Comentando uma conferência de Borges em texto para a Folha de São Paulo, Luiz Costa Lima escreve: "Borges manifesta a esperança de que possamos esperar por um tempo ´em que os homens não sejam mais tão conscientes da história como somos. Um tempo virá em que os homens se importarão muito pouco com os acidentes e circunstâncias da beleza; estarão preocupados com a própria beleza´. A história, em suma, é o que nos impede o acesso pleno à beleza" .
A visão poética de Borges sobre a beleza pode ser um ponto de partida interessante para se repensar o valor atribuído à originalidade numa obra de arte (assim como as investigações de Benjamim no clássico A obra de arte na época de sua reprodutibilidade). Mas, por outro lado, coloca um peso grande sobre o ainda muito relativo/subjetivo conceito de beleza.

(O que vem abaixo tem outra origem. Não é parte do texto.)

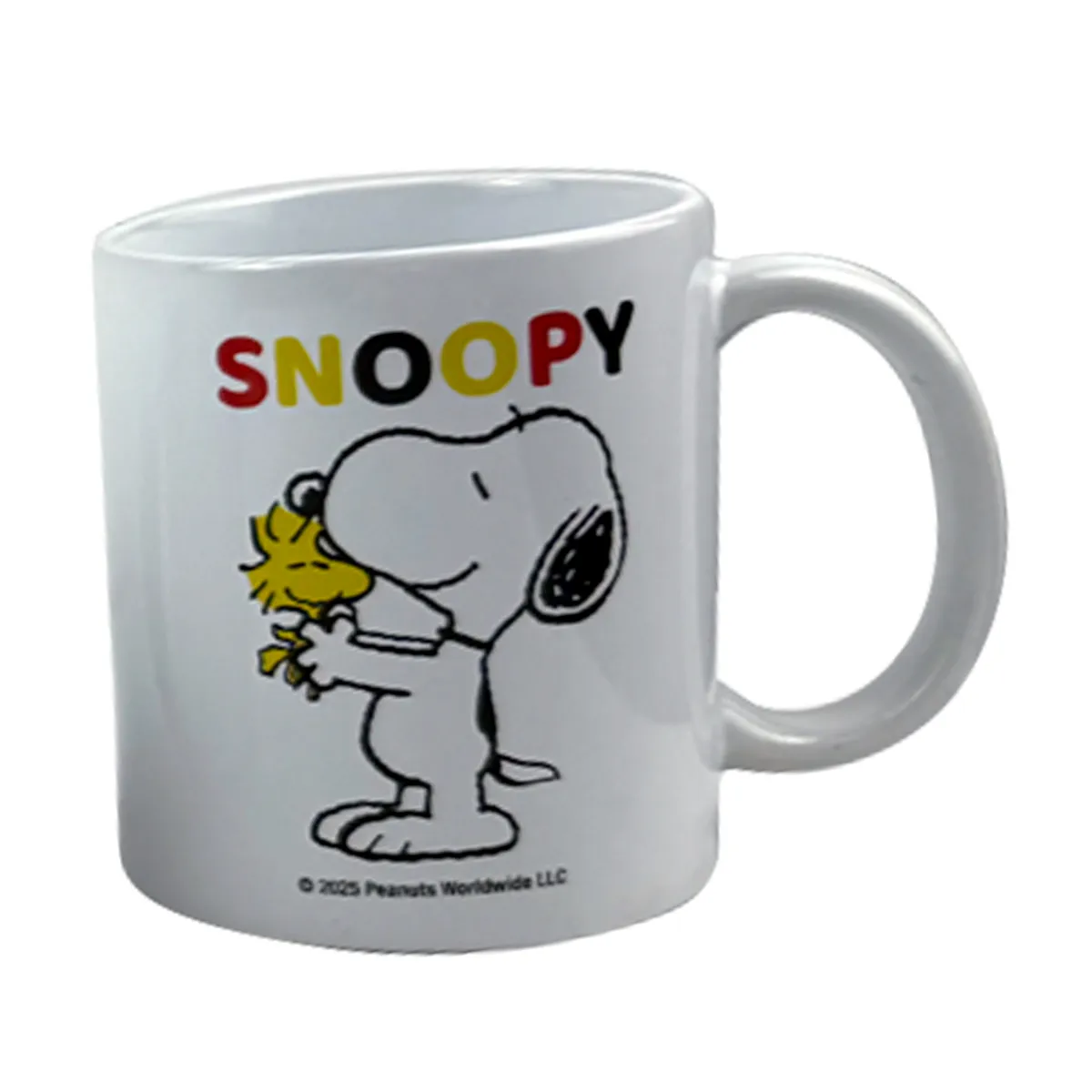 SET 4 TAZONES COLECCIÓN SNOOPY - 5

Vale destacar que Bloom também inspirou-se em Borges para escrever sua teoria. Ao que parece, o argentino já percebia esse processo em Shakespeare também. Segundo, Bloom, Borges buscaria subterfúgios para escapar disso:
"Acho que Borges (...) dissimulou essa angústia. A razão pela qual só escreveu histórias intricadas, que são variações interpretativas de escritores precedentes, é que ele não queria confrontar o seu próprio ´romance familiar´. Por razões óbvias, como a relação muito próxima com a mãe. Ele não queria confrontar nem suas próprias idéias sobre a influência".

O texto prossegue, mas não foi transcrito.